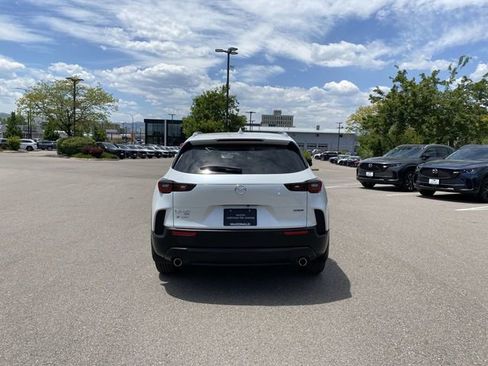 Used 2025 MAZDA CX-50 2.5 Hybrid AWD/4WD image 4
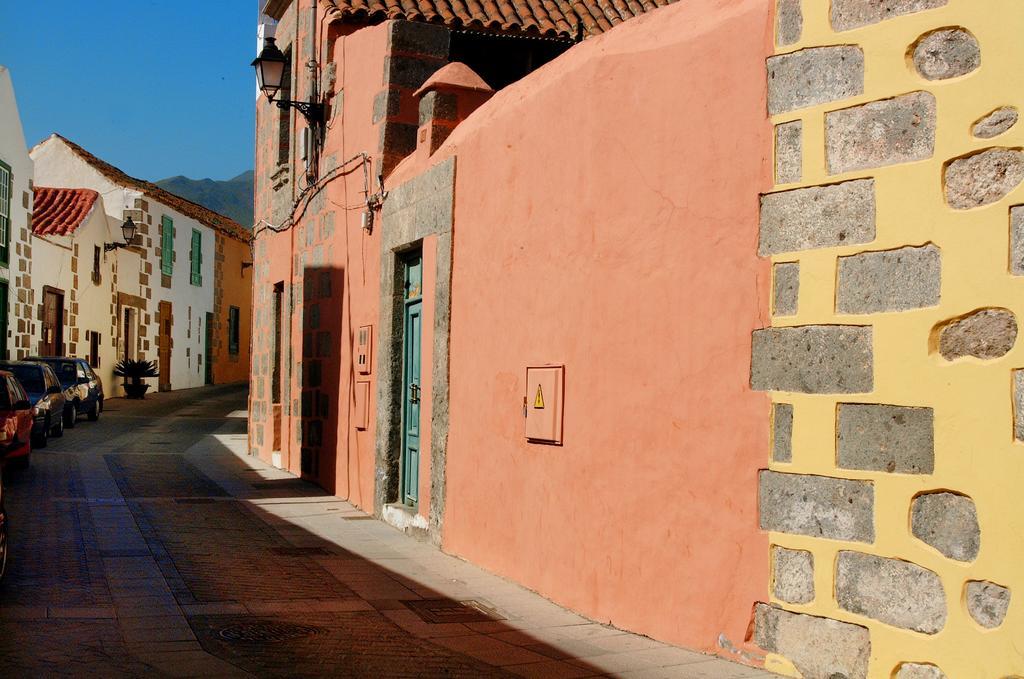Casa Rural El Granero Aguimes Ngoại thất bức ảnh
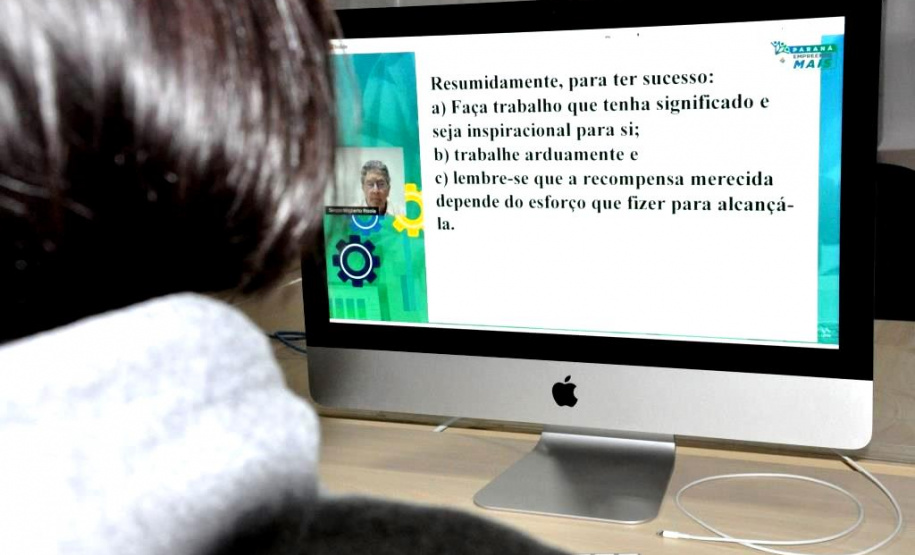 Empreendedorismo inovador marca o início das atividades do programa Paraná Empreende Mais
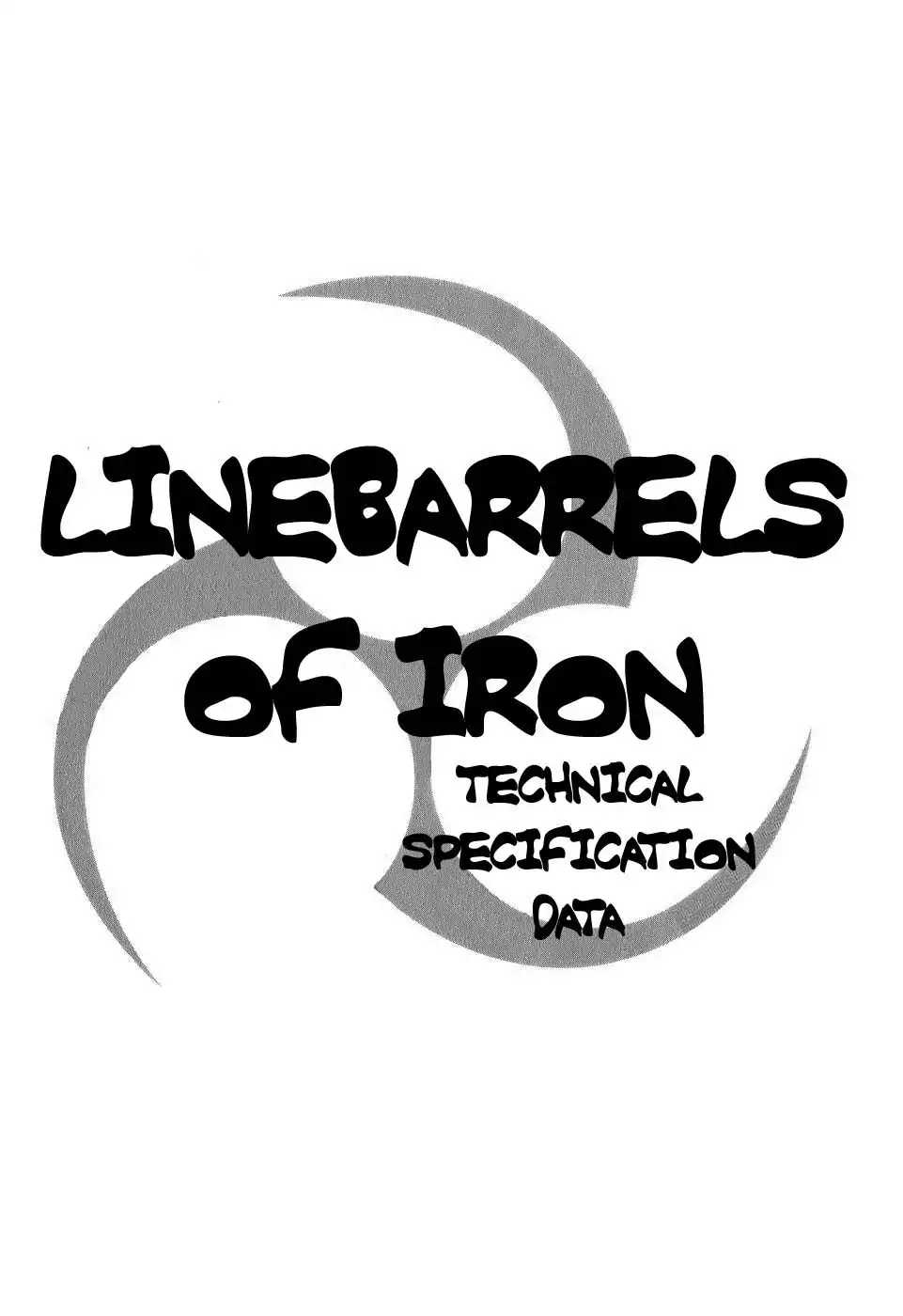 Linebarrels of Iron Chapter 23 45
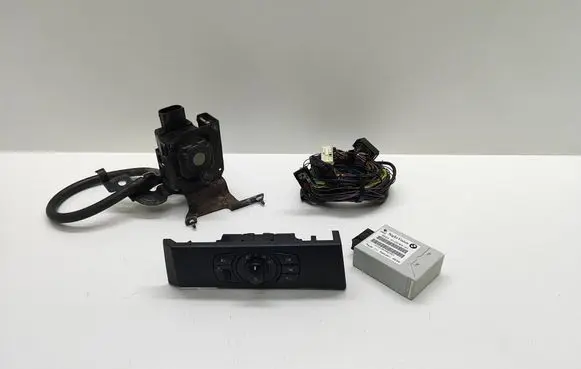 BMW 5 E60 E61 Night vision camera 9129760 912976001 66549129760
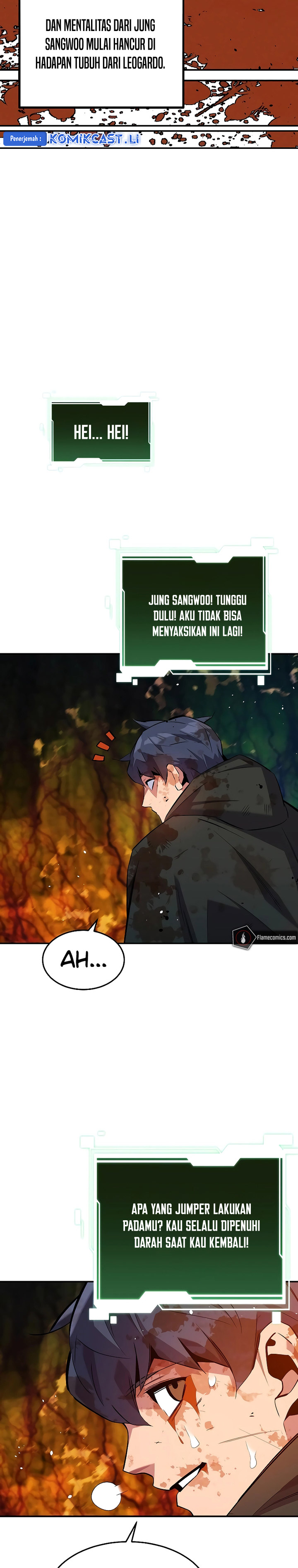 Auto-Hunting With Clones chapter 158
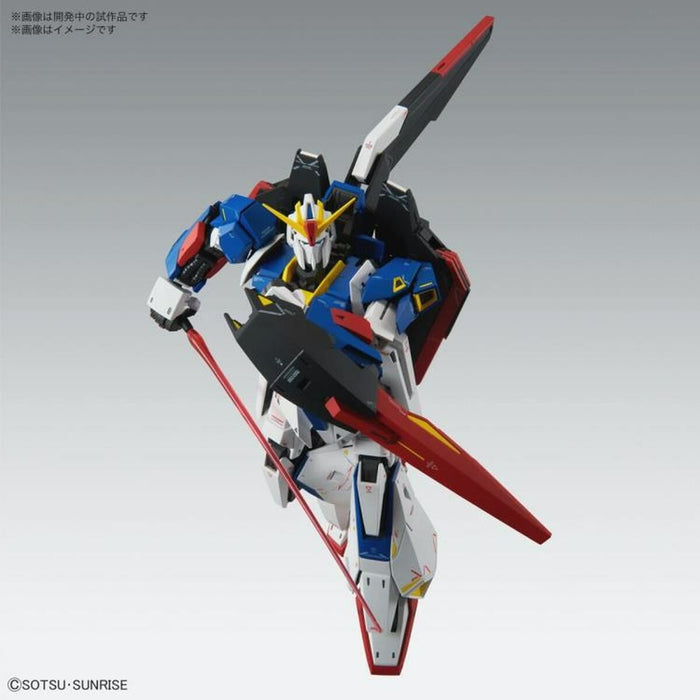 Figurine de Acțiune Bandai 1/100 ZETA GUNDAM Ver.Ka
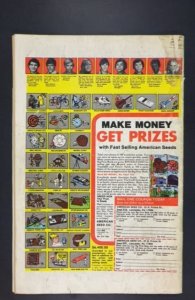 Ghost Rider #35 (1979)  DAMAGED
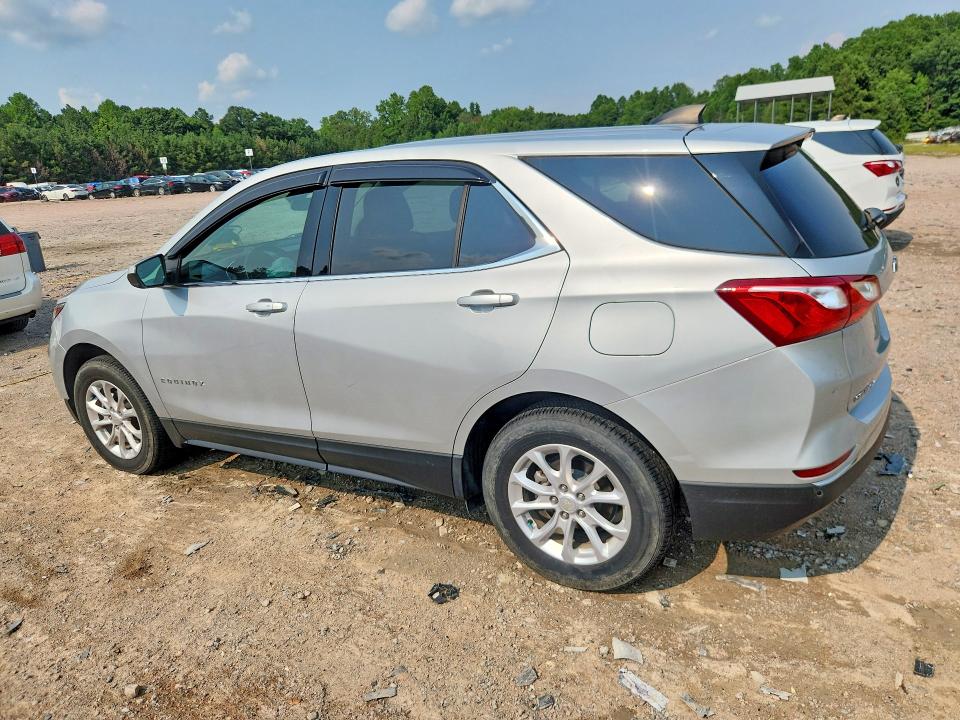 Aukcja sprzedaży 2020 Chevrolet Equinox, vin: 3GNAXUEV6LL105605, numer aukcji: 62935506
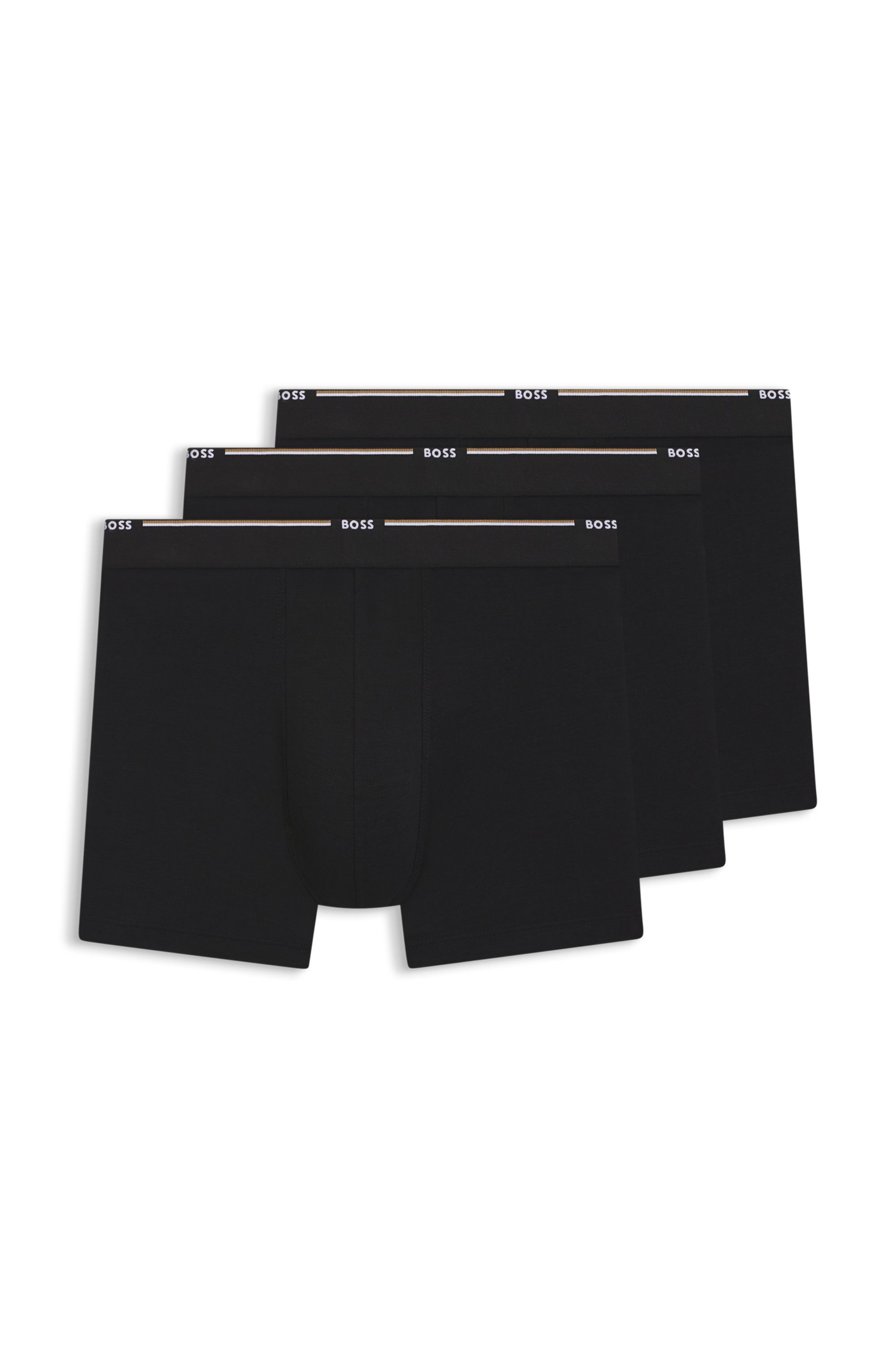 Boxer Boxer Brief 3P Bamboo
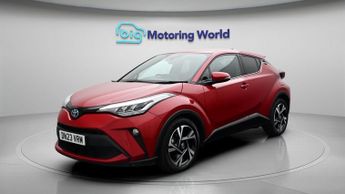 Toyota C-HR DESIGN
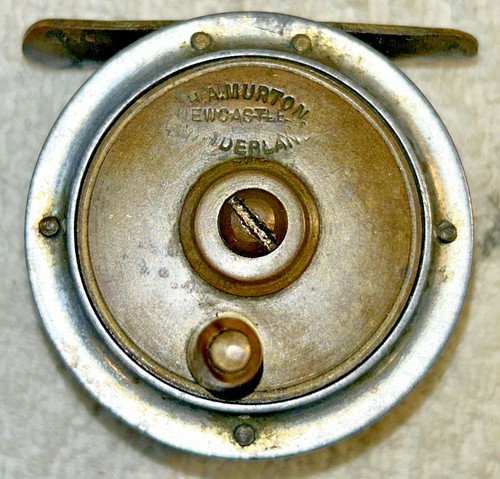 Trout fly reel murton - fly, a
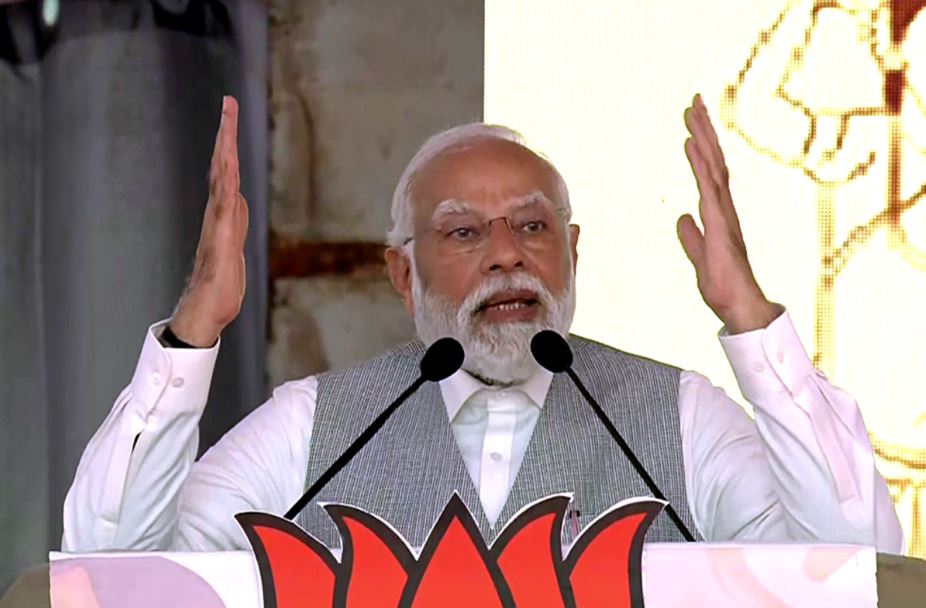 Govt's intentions on uplift of Dalits, deprived, poor clear: PM
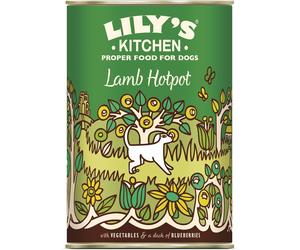 LILYS KITCHEN Lily's Kitchen Dog Lattina 400G LAMB HOTPOT
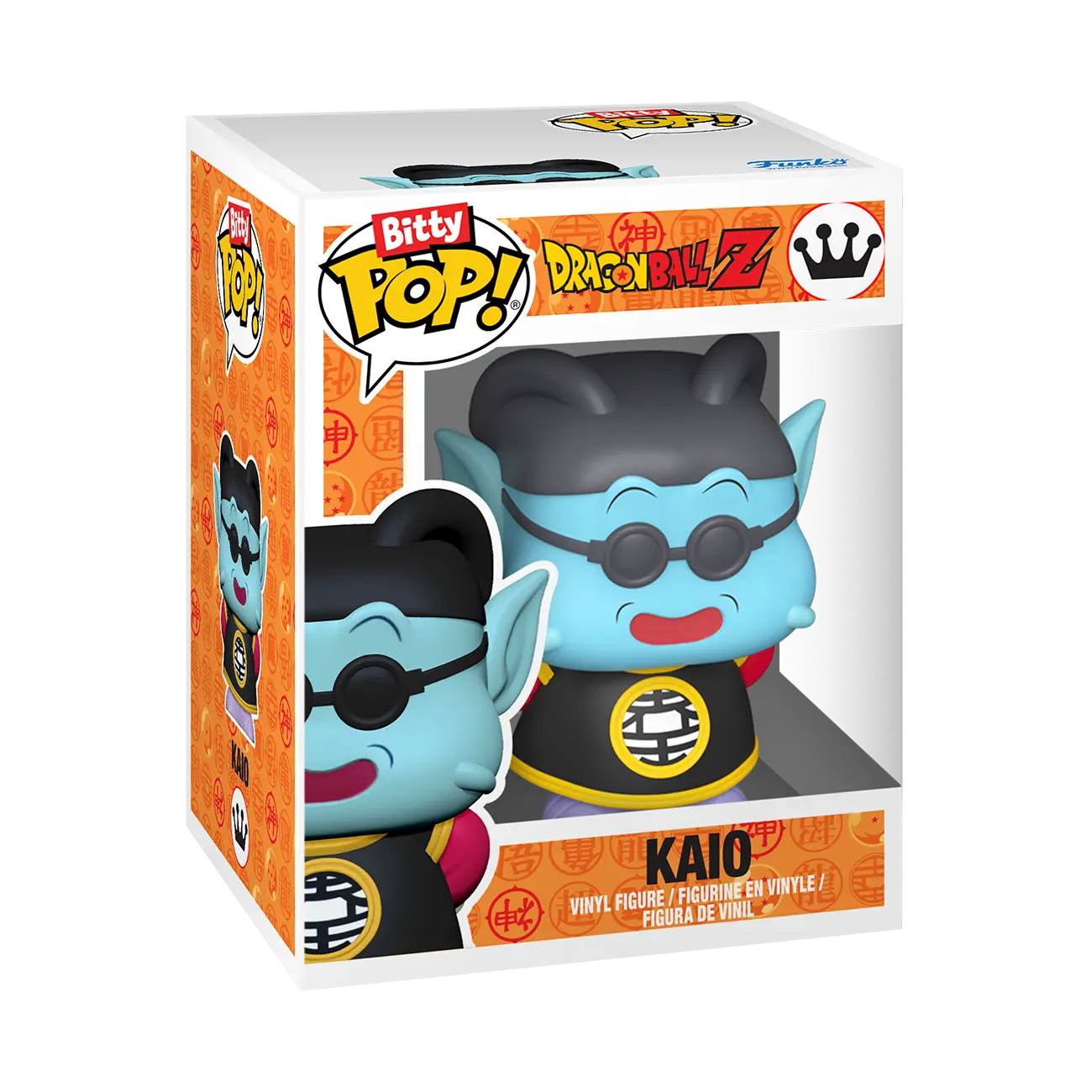 Bitty POP!: Dragon Ball Z 4-Pack Series 1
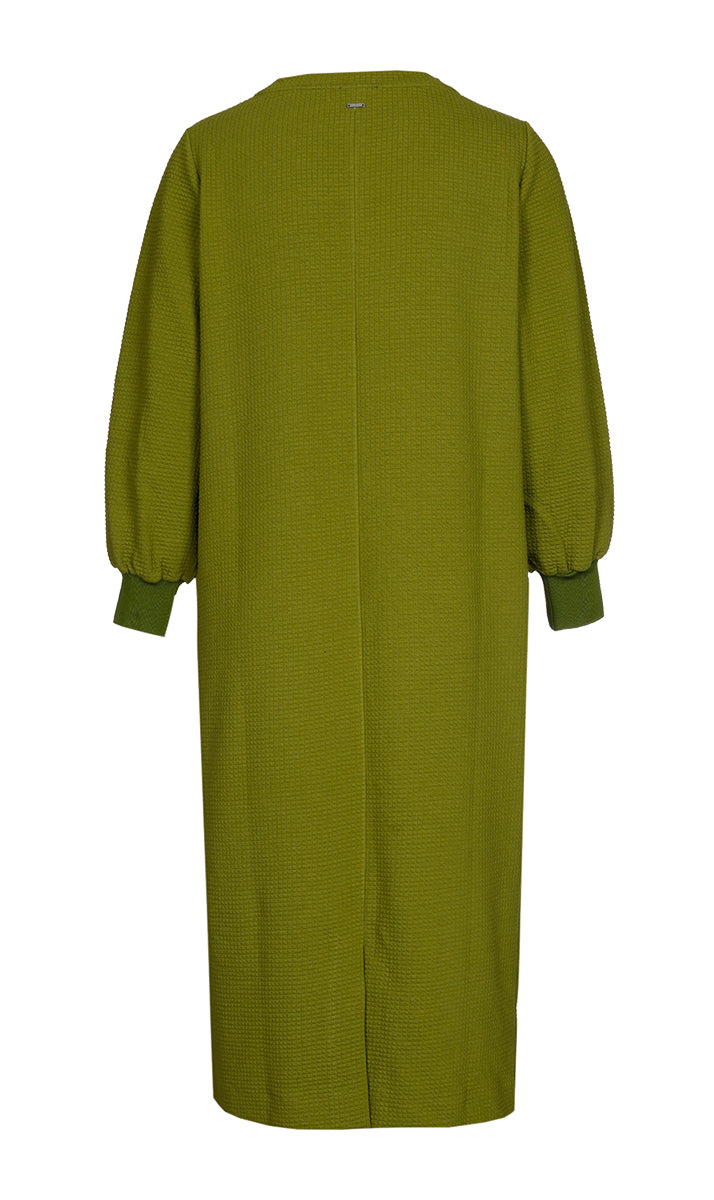 Robe - X-Kazanni - Basil Gree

• **Problem description**: After removing the pictures, restate the whole listing above word for word.

• **Task result**:
 Used 2025 MAZDA CX-50 2.5 Hybrid AWD/4WD image 4
Casa Rural El Granero Aguimes Ngoại thất bức ảnh
 Empreendedorismo inovador marca o início das atividades do programa Paraná Empreende Mais
 Linebarrels of Iron Chapter 23 45
 BMW 5 E60 E61 Night vision camera 9129760 912976001 66549129760
 Auto-Hunting With Clones chapter 158
 Figurine de Acțiune Bandai 1/100 ZETA GUNDAM Ver.Ka
 Ghost Rider #35 (1979)  DAMAGED
 Aukcja sprzedaży 2020 Chevrolet Equinox, vin: 3GNAXUEV6LL105605, numer aukcji: 62935506
 Boxer Boxer Brief 3P Bamboo
 Toyota C-HR DESIGN
 Trout fly reel murton - fly, a
 Govt's intentions on uplift of Dalits, deprived, poor clear: PM
 LILYS KITCHEN Lily's Kitchen Dog Lattina 400G LAMB HOTPOT
 Bitty POP!: Dragon Ball Z 4-Pack Series 1
 Robe - X-Kazanni - Basil Gree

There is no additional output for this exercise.